The Italo-Abyssinian situation forms an integral part of the general European diplomatic picture and has a particular bearing on Italy’s relations with France. France has been Abyssinia’s chief support since the days of Menelek. It was France which furnished him with officers, munitions, and diplomatic support against Crispi’s effort to impose an Italian protectorate upon Abyssinia in accord with the Italian interpretation of the Treaty of Uchiali (May 2, 1889). It was France which, against the desires of both Italy and Great Britain, secured Abyssinia’s admission to the League on September 28, 1923. Two-thirds of Abyssinia’s foreign trade passes over the French railroad from Addis Ababa to Jibuti, the capital of French Somaliland. This virtual monopoly on Abyssinia’s external commerce is protected by an agreement forbidding the concession of any rights to another company that would compete with the Addis Ababa line.

One might suppose that Abyssinians would resent this strangle-hold on the economic life of their country and that France’s paramount diplomatic position at Addis Ababa would be impaired. That this is not the case has been due to the thorough realization on the part of the Abyssinian ruling caste that without the aid and comfort of at least one Great Power they are at the mercy of the others, and that France, since her defeat at Fashoda in 1898, has put aside any ulterior designs on. Abyssinia’s territorial integrity. Diminutive French Somaliland touches Abyssinia for not more than 250 miles, whereas the possessions of England and Italy hem her in along thousands of miles—on all her other frontiers, in fact.

Manifestly, then, any aggressive move in Abyssinia on the part of Italy presupposes a preliminary arrangement between Italy and France. It is for this reason that in the recent pourparlers between Signor Mussolini and M. Laval the affairs of Abyssinia occupied an important place. As these lines are written, the exact terms of the agreements entered into at Rome are still unpublished, as indeed they are likely to remain for some time. We have, however, the official summary issued on January 8. The first impression given is that Italy by no means got the best of the transaction. Mussolini, in fact, was not in a strategic position for effective bargaining. His revisionist policies in Central Europe had, after twelve years, proved infeasible as a result of Nazi ambitions among the Danube and the solidarity of the Little Entente. He may well have wished, then, to counterbalance this check by diplomatic, and perhaps even military, victories in Africa. M. Laval, however, seems to have begrudged him any substantial consolation.
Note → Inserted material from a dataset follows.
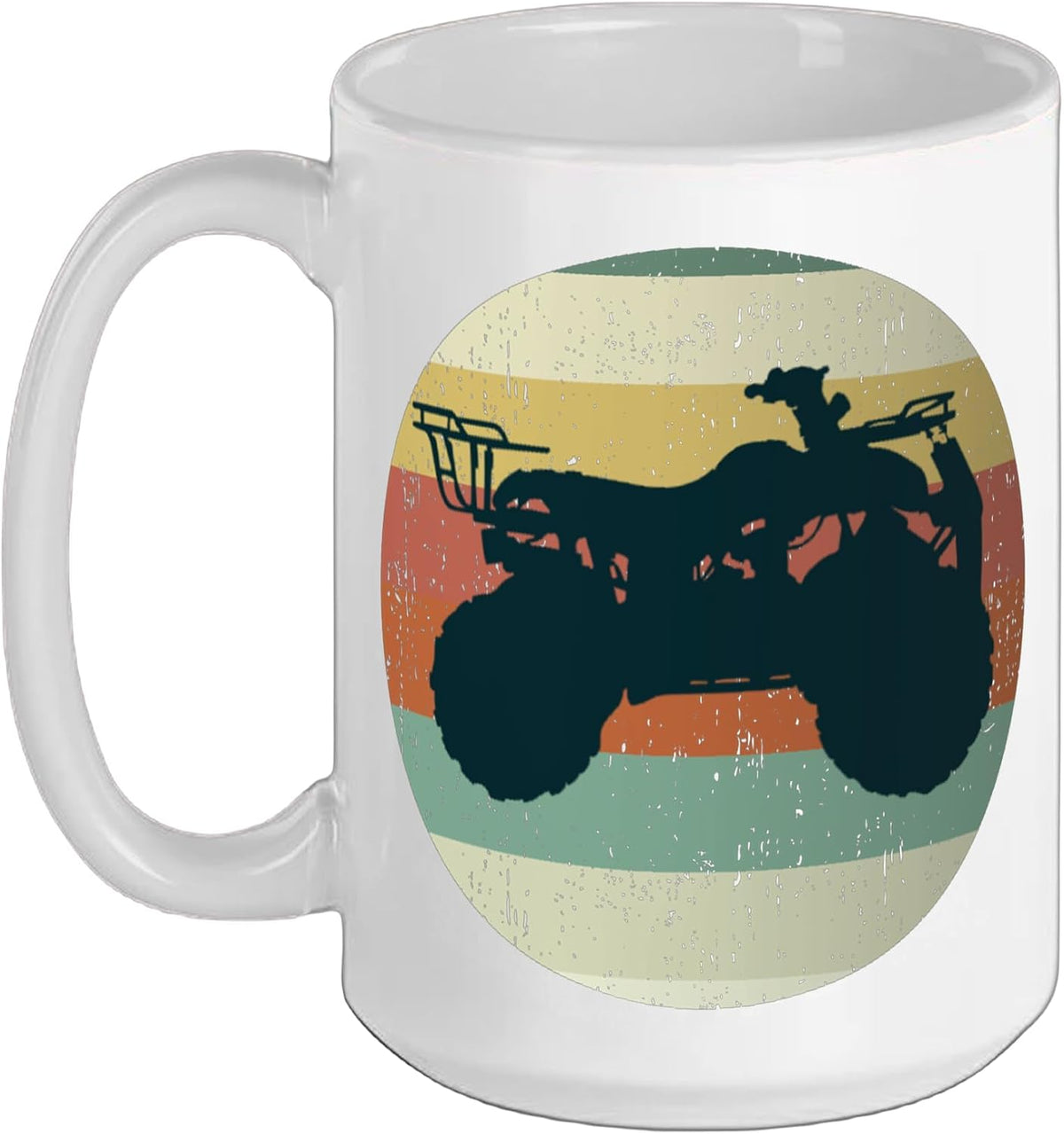 Vintage Atv Silhouette Retro Sunset Four Wheeler Ceramic Mug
In Tunisia, the Fascist Government has always held out for a perpetuation of the right of Italians there—over 100,000 in number—to preserve their Italian nationality and hand it down from generation to generation. Such a claim was possible only because Tunisia is not a French colonial possession but a protectorate. The status of Italian citizens and Italian government schools in Tunisia has been governed by the agreement of 1896, entered into shortly after the battle of Adua when Italy was in an unfavorable diplomatic position. This agreement was denounced by France on September 9, 1918, but has continued in vigor since then by “temporary” tri-monthly extensions. According to the agreement just reached at Rome, all children of Italian parents born in Tunisia before 1965 may retain Italian nationality, though any born after 1945 may choose French citizenship if they wish. The Italian governmental schools in Tunisia, long a thorn in the side of the French administration, will continue as at present until 1955, when they must assume a private character. Certain other privileges enjoyed by Italians will be gradually abolished after 1945. This settlement represents a compromise à longue échéance, with every possibility that before the time comes to execute it the European scene will have so changed that it will be inapplicable. From this point of view Mussolini has won a partial success.
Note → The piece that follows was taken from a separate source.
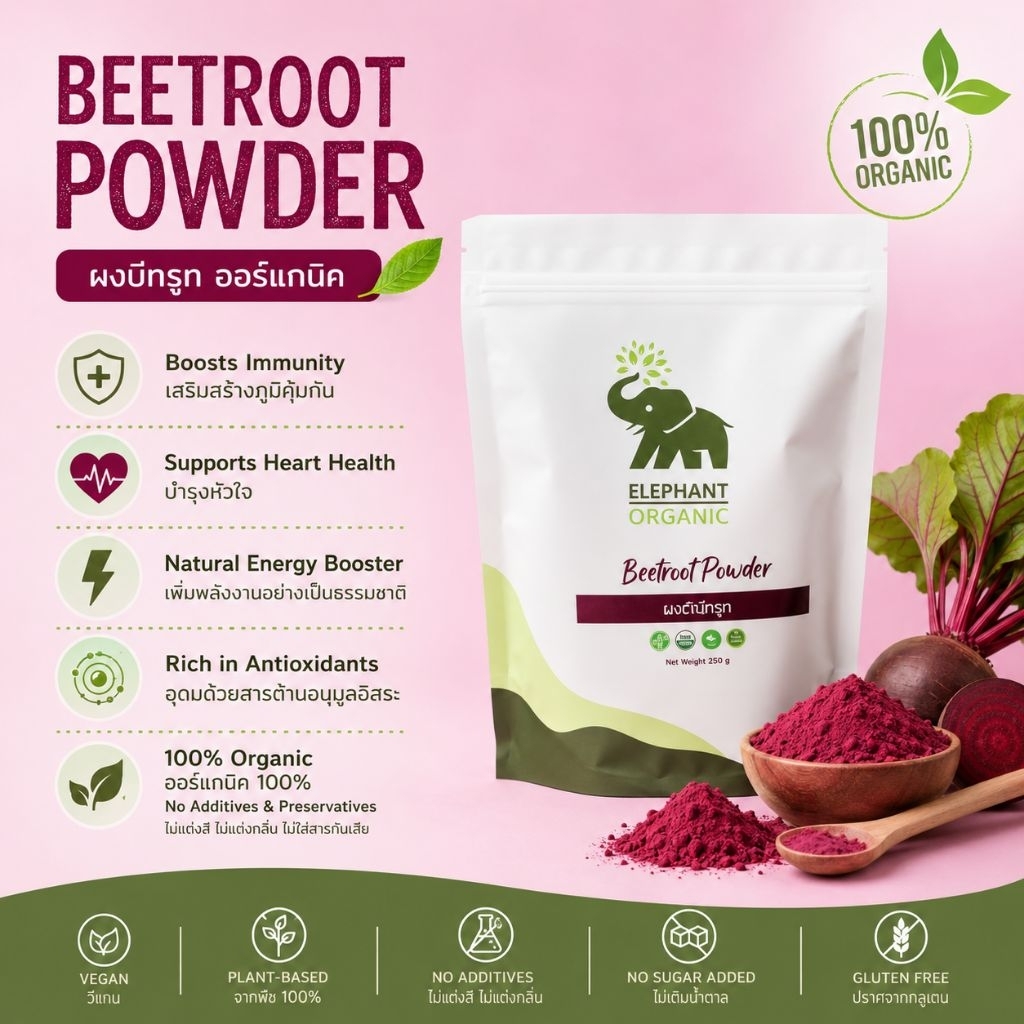 ผงบีทรูทแท้ 100% ไม่ผสมน้ำตาล 250g Organic Beetroot Powder/Air Dried / pre-workout / FDA approved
The French concessions along the southern frontier of Libya turn out to be very puny indeed. Instead of obtaining a corridor to Lake Chad or a recognition of her rights in Borcu and Ennedi, Italy receives but half of the mountainous Tibesti region, which is just about the most god-forsaken and useless area one can well imagine. Similarly, France’s surrender of a minute speck of desert along the northern boundary of French Somaliland (400 to 500 square miles, facing the Strait of Bal-el-Mandeb) has little value other than moral. The only really valuable concession given Italy is a 20 percent share in the ownership of the Jibuti-Addis Ababa railroad. This, it is held, will give Italy a much better chance at the Abyssinian market, now being vigorously invaded by the Japanese, who are reported to have won 80 percent of Abyssinia’s import trade. More important, it will give Italy a control over the arms traffic to Abyssinia. This is the most significant of her gains under the Rome agreements. If Mussolini were in fact preparing to fight Abyssinia, he would be wise to arrange for shutting off his enemy’s supply of munitions.

On the whole, then, the concessions received by Italy in Africa are not very extensive and certainly do not represent for her a very satisfactory liquidation of her claims to compensation arising out of the Treaty of London (April 26, 1915). Two explanations are possible. In the first place, Mussolini had not been able to exculpate Italian policy completely from any responsibility for the Marseilles assassinations. Croatian exiles not only were permitted to use Italy as a refuge from which to plot, but they apparently were given billets and military instruction. Very little has been said publicly about these things, but to secure that silence must have been costly for Italian policy. Certainly, M. Laval is not the man to shrink from using such a weapon in diplomatic bargaining. The other explanation for the apparent paucity of French concessions to Italy rests on the supposition that in certain secret articles Laval gave Mussolini, if not carte blanche in Abyssinia, at least wide latitude in “adjusting frontiers.” It is not inconceivable that the French Foreign Office would throw over the Abyssinians in order to immobilize Mussolini in Central Europe. If the French have given Mussolini permission to go ahead, that fact will soon be revealed by events.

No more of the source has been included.